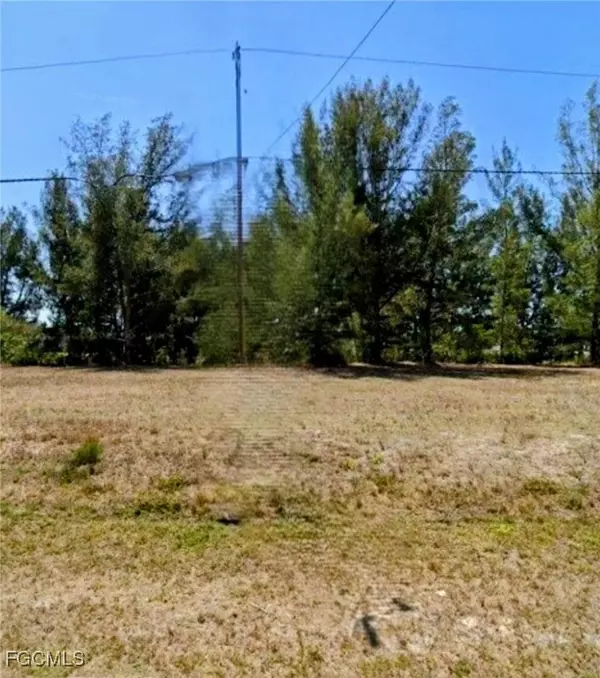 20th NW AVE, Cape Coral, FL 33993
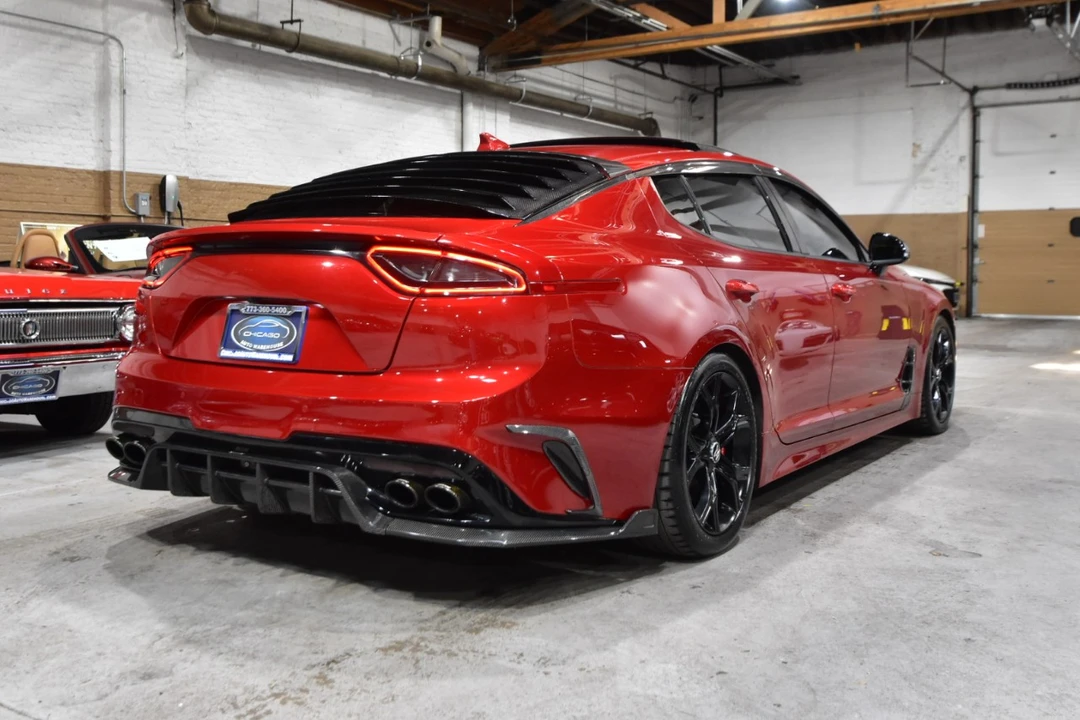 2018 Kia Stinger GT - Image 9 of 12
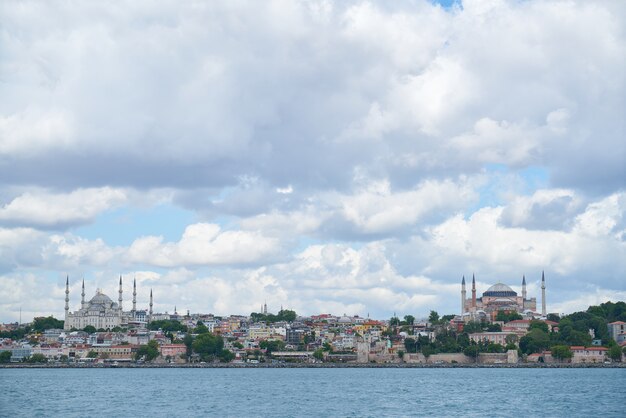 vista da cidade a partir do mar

==

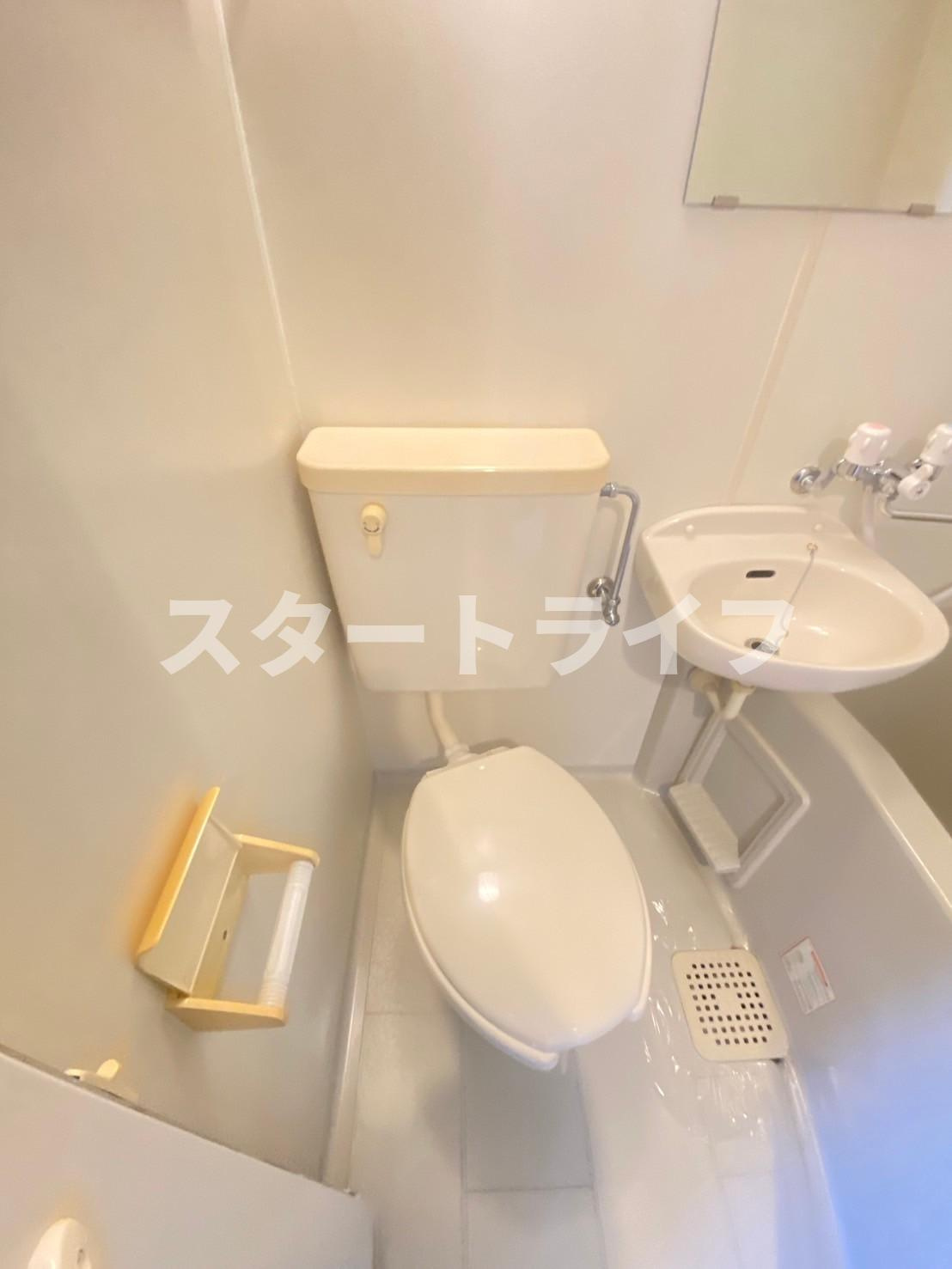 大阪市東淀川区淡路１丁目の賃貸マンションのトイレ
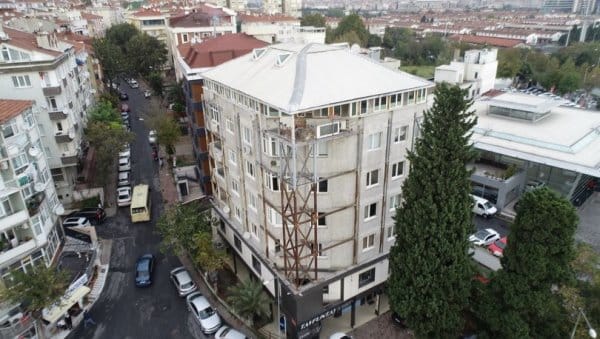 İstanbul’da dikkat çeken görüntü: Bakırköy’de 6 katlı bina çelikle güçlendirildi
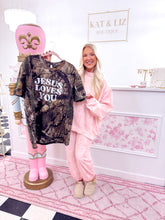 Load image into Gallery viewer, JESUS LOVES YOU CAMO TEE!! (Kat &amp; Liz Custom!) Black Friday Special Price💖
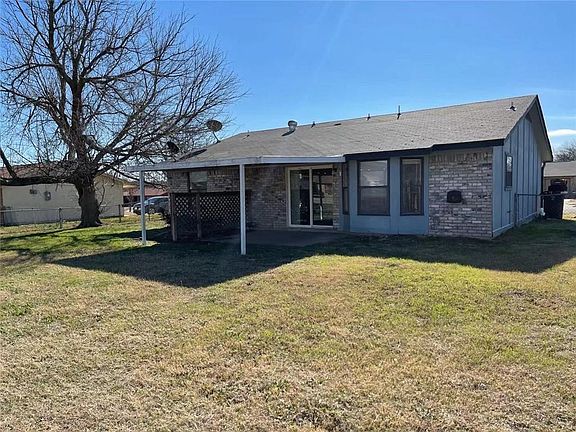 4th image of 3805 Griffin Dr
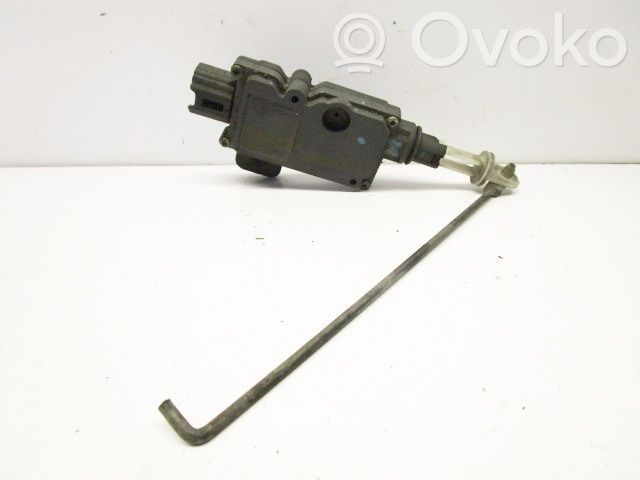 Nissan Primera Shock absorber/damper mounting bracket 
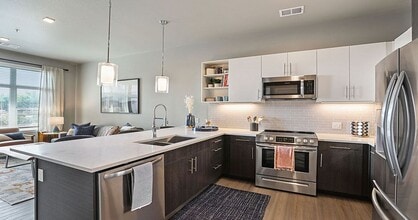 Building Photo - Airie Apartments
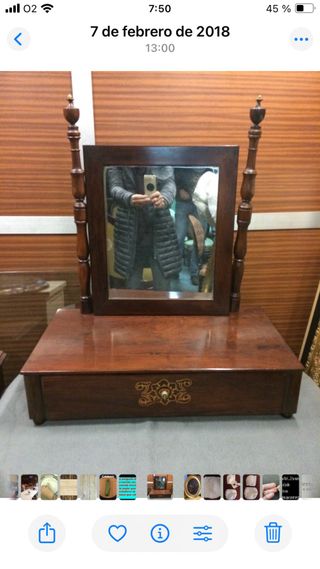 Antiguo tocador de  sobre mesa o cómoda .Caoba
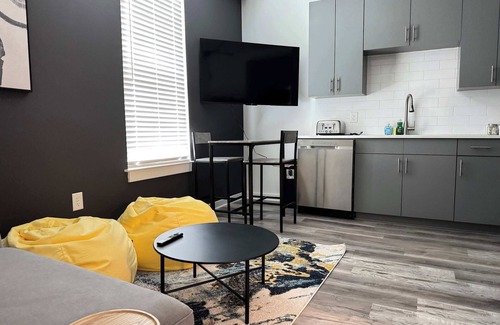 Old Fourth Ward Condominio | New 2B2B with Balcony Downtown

---

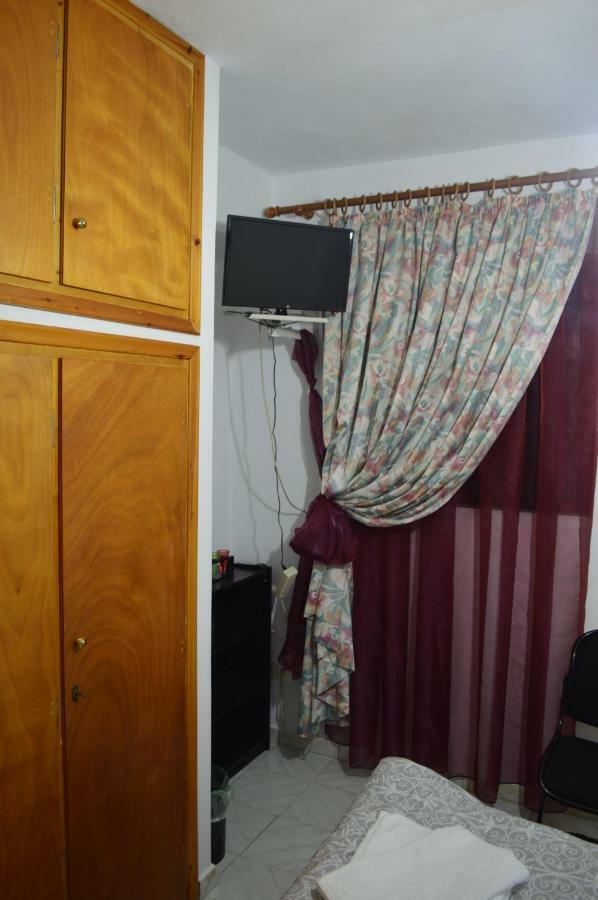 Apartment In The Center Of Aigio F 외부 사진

## Exercise instructions
Using the data above, transcribe exactly the lines between those containing "20th NW AVE, Cape Coral, FL 33993" and "vista da cidade a partir do mar", inclusive, and leave every picture behind.

## Expected answer
 20th NW AVE, Cape Coral, FL 33993
 2018 Kia Stinger GT - Image 9 of 12
 vista da cidade a partir do mar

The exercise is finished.